Się wkręciłam w naturalną pielęgnację włosów.
Okazało się że mam naturalne fale. Kto by pomyślał, zawsze myślałam że są proste.
Po pierwsze odstawiłam silikony, które powodują
że włos lepiej wygląda ale i go szczelnie otulają i substancje odżywcze
do niego nie docierają. A tych silikonów jest od licha i trochę.
Bez polyquaternium i quaternium (działają podobnie jak silikony).
Do tego bardzo ograniczyłam szampony, które mają w składzie także sls
(sodium laureth sulphate) i pochodne, które podrażniają skórę (ale
świetnie myją).
Przed umyciem włosów nakładam na nie oleje (różne).
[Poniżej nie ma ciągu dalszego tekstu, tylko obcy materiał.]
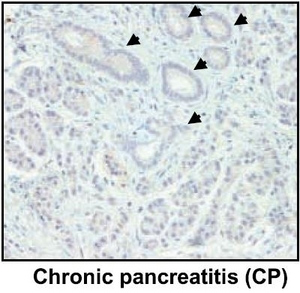 Immunohistochemistry (Formalin/PFA-fixed paraffin-embedded sections) - Anti-Lipocalin-2 / NGAL antibody [5G5] (AB23477), expandable thumbnail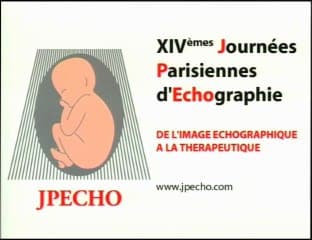 Synthèse, dépistage, EPP : les secrets d’un mariage heureux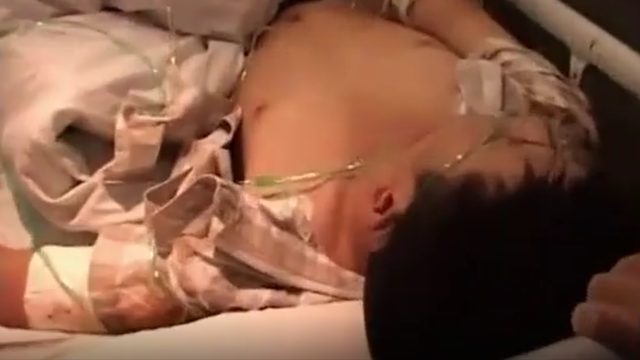 蘇州小伙被神秘毒蛇咬傷，為了救他全城出動，毒蛇到底有多恐怖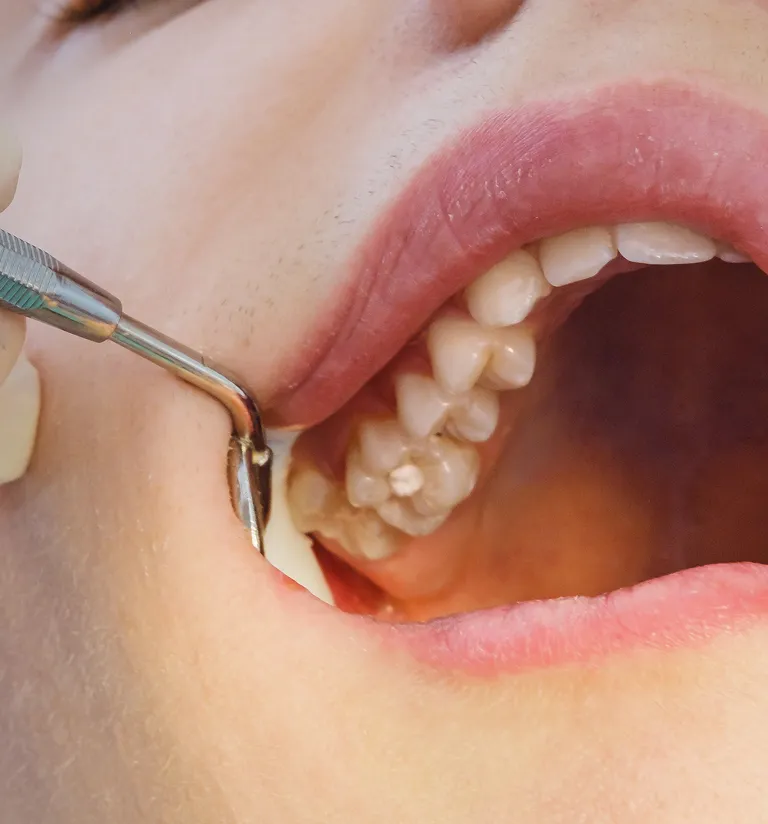 Single Tooth Implant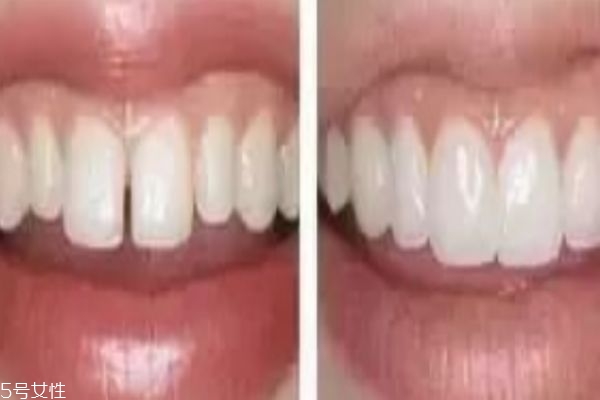 牙齿缝隙大什么原因,牙齿缝隙越来越大是什么原因造成的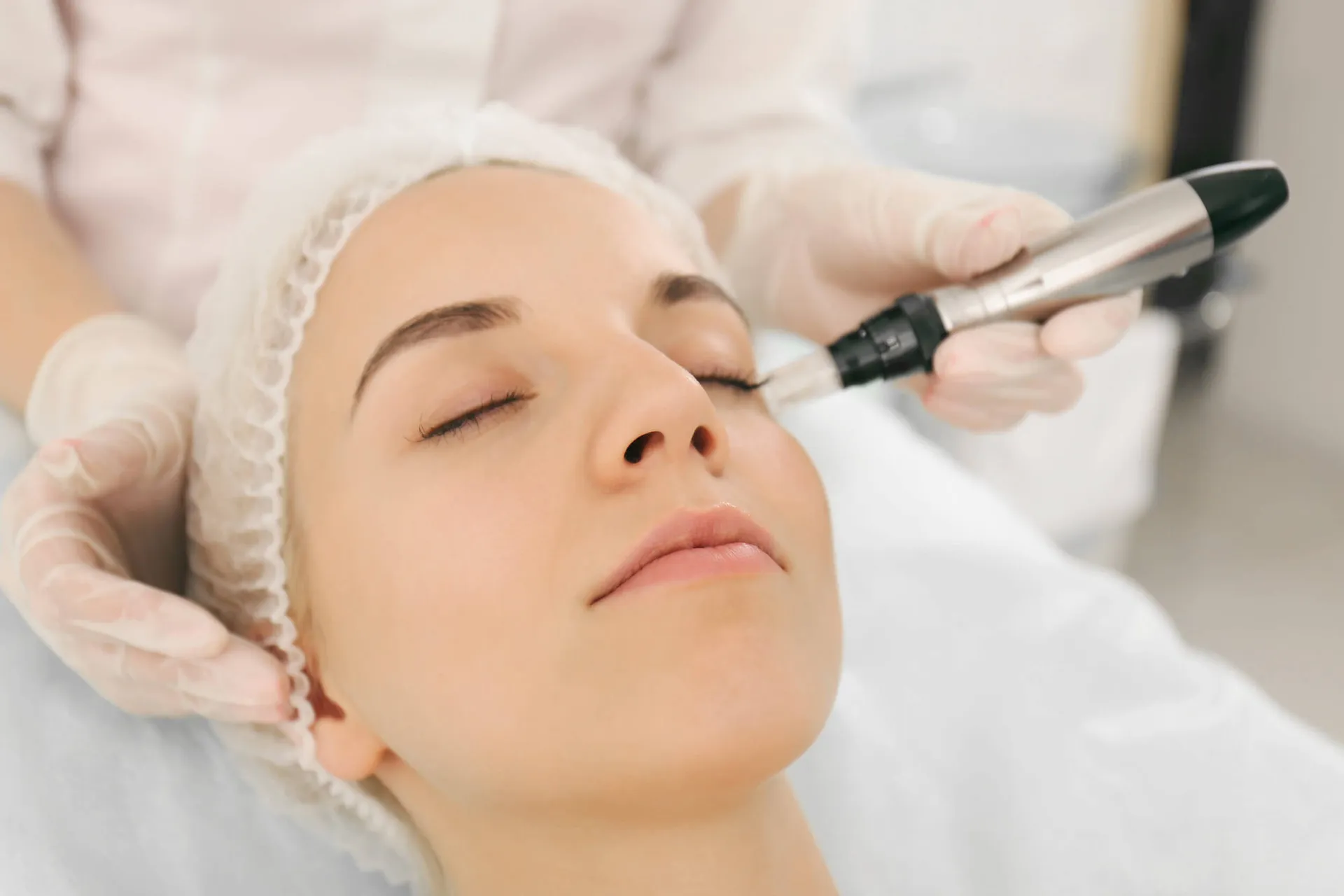 Woman with eyes closed as a gloved technician uses a microneedling pen on her cheek.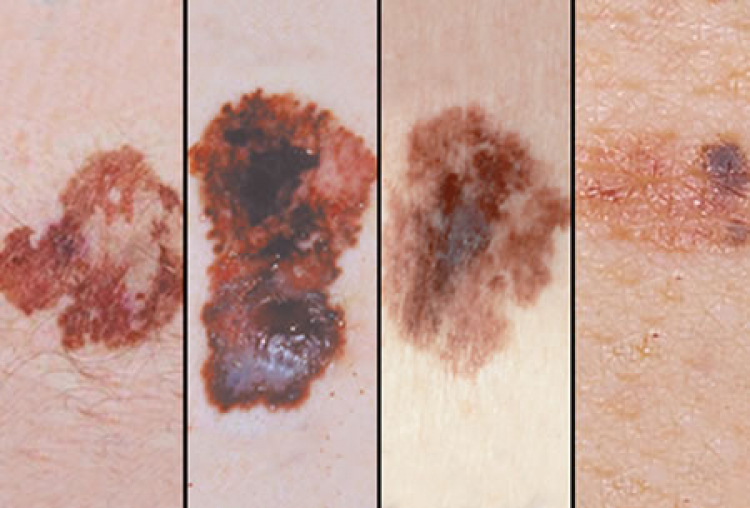 El sistema ABCDE puede ser de gran ayuda para detectar el cáncer de tipo melanoma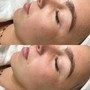 Hand Treatment- HydraFacial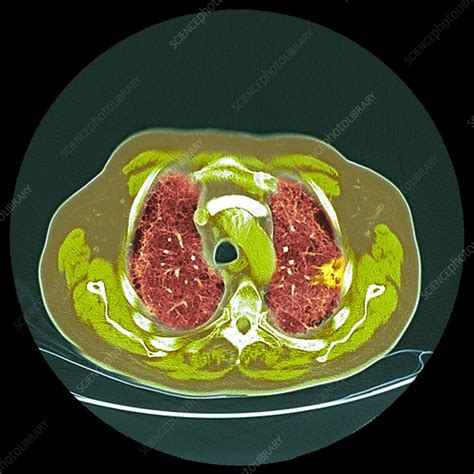 Lung Cancer Ct Scan Stock Image F Science Photo Library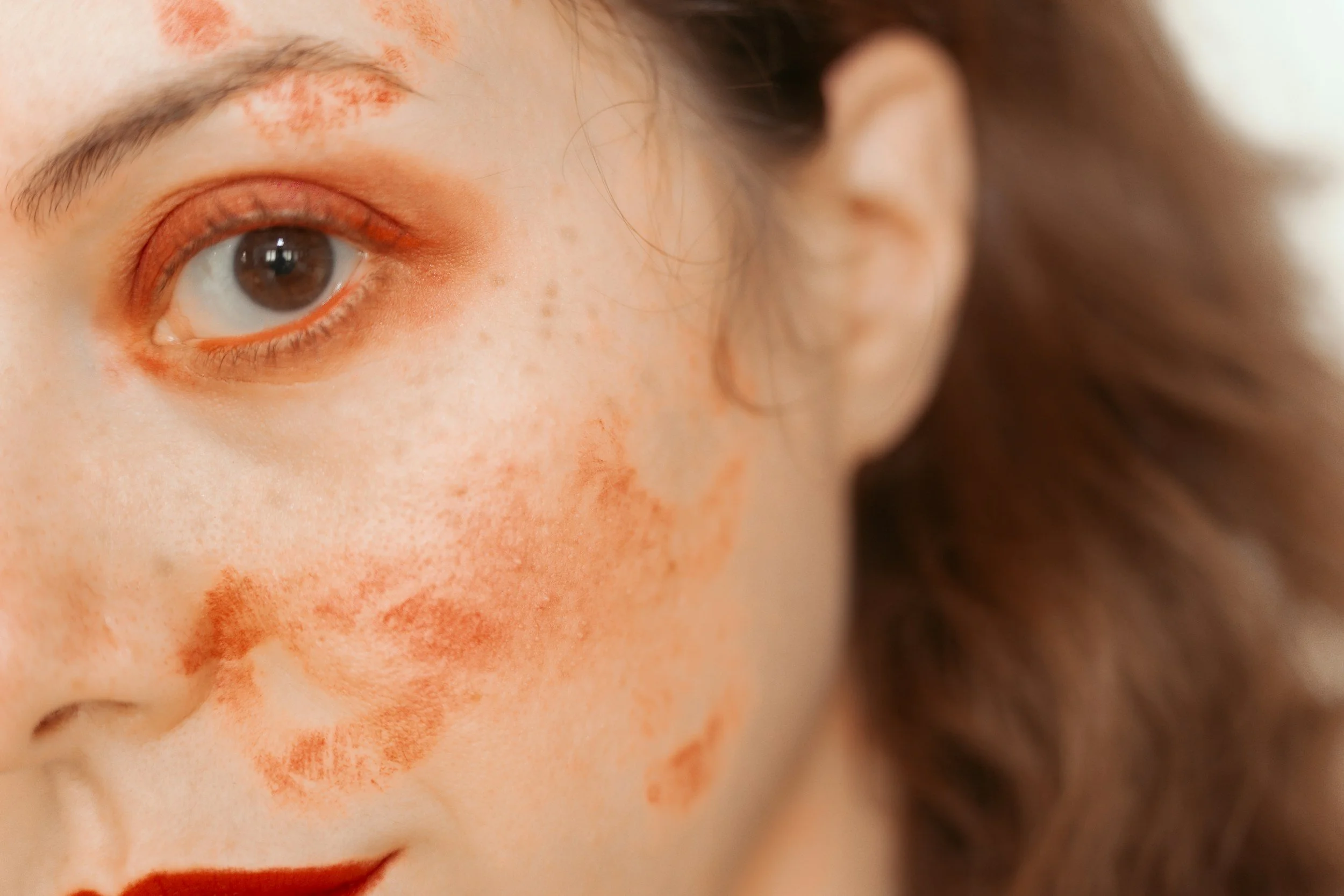 makeup for burns on face, cover burn scars with makeup, burn scar concealer UK, camouflage makeup for burns, how to cover burn scars face, makeup for burn survivors, full coverage for burn scars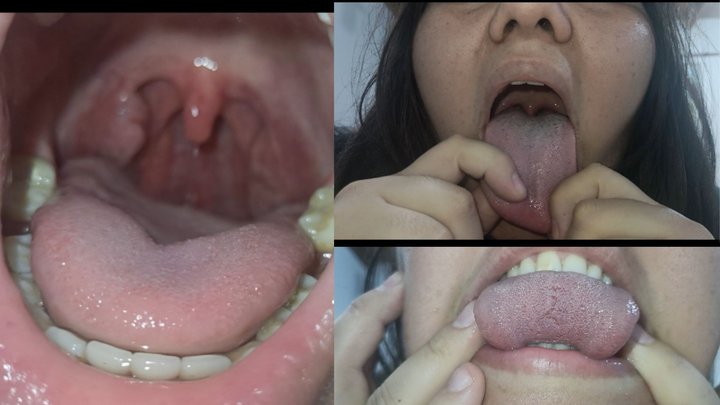 Super dirty tongue (2 days of dirt)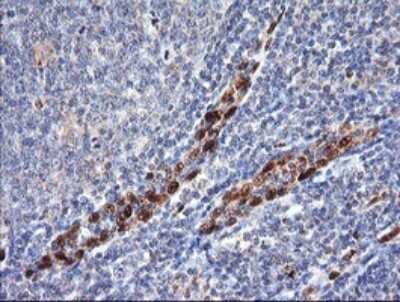 Immunohistochemistry: ERG Antibody (OTI4H7) [NBP2-45520]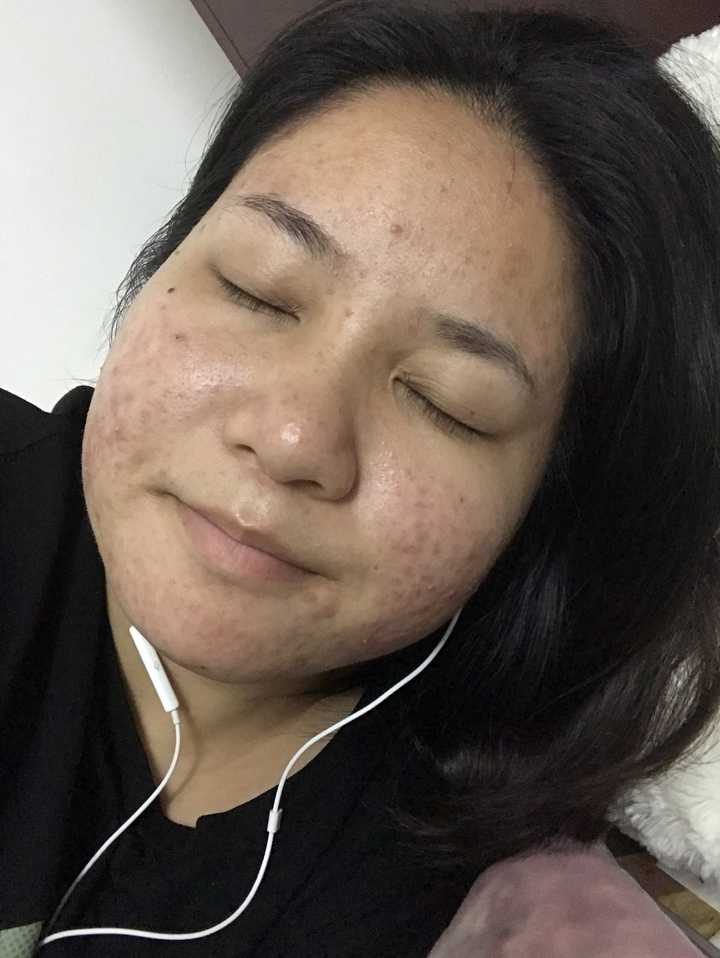 五官好看,皮肤差是种怎样的体验?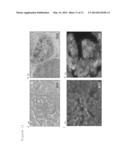 KRAS MUTATIONS AND RESISTANCE TO ANTI-EGFR TREATMENT diagram and image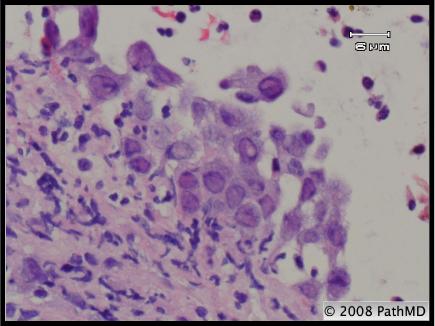 Gastrointestinal Pathology - Part 6, Question #2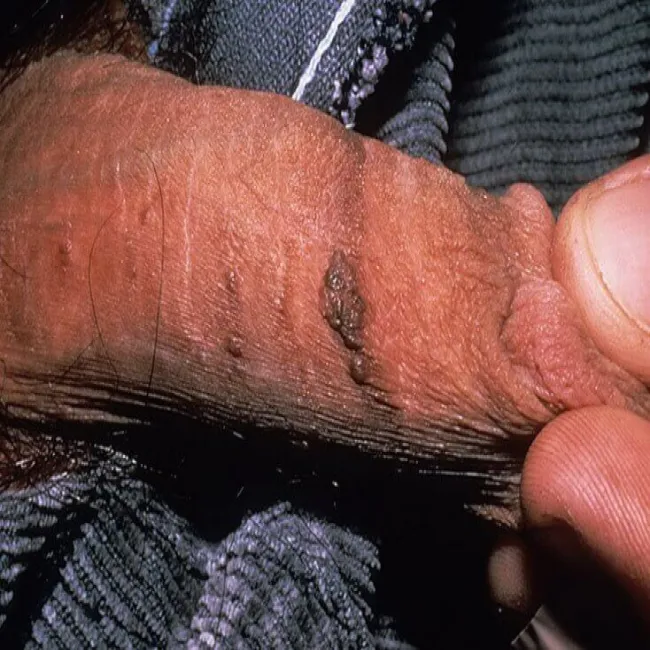 Zdjęcia chorób wenerycznych u mężczyzn grudkowatość bowenoidalna 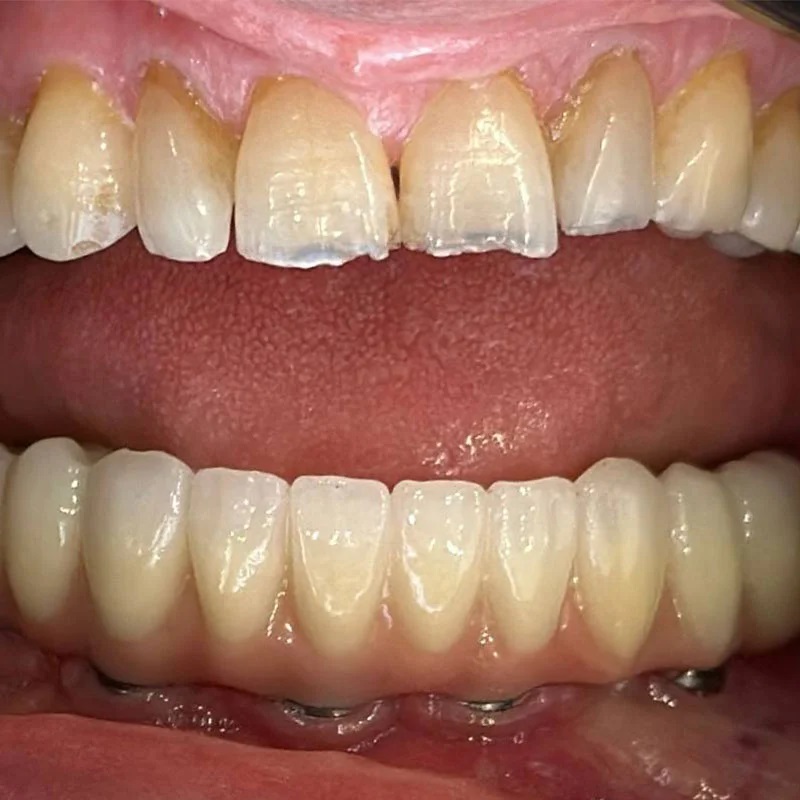 Dental Implant
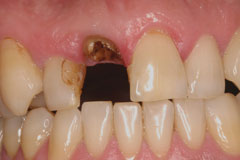 Missing tooth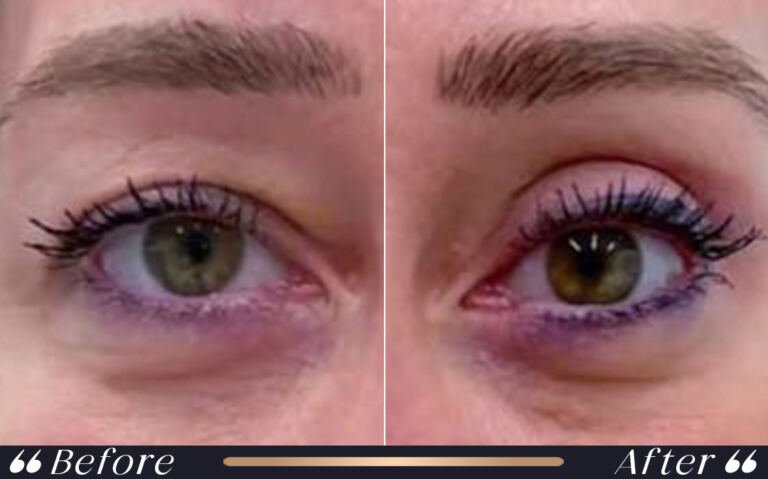 blepharoplasty_13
W moim przypadku
testowałam arganowy, oliwę, olejek z Alterry z Rosmanna. Najfajniej po
arganowym. Będę testować inne. Zostawiam na głowie przez dwie godzinki
(czasem na noc).
Myję włosy łagodnymi środkami. Moje typy to szampon i żel do ciała z
alterry (bezzapachu), babydream fur mama (płyn do kąpieli). Obydwa z
Rosmanna. Do tego jako szampon z sls używam seba med.
Odżywki po myciu to Alterra z granatem, maska kallos (boska) i joanna
naturia len i rumianek odżywka bez spłukiwania. Używam tego w różnych
kombinacjach.
Suszę bez suszarki.
To wszystko. Na razie raczkuję w tym temacie.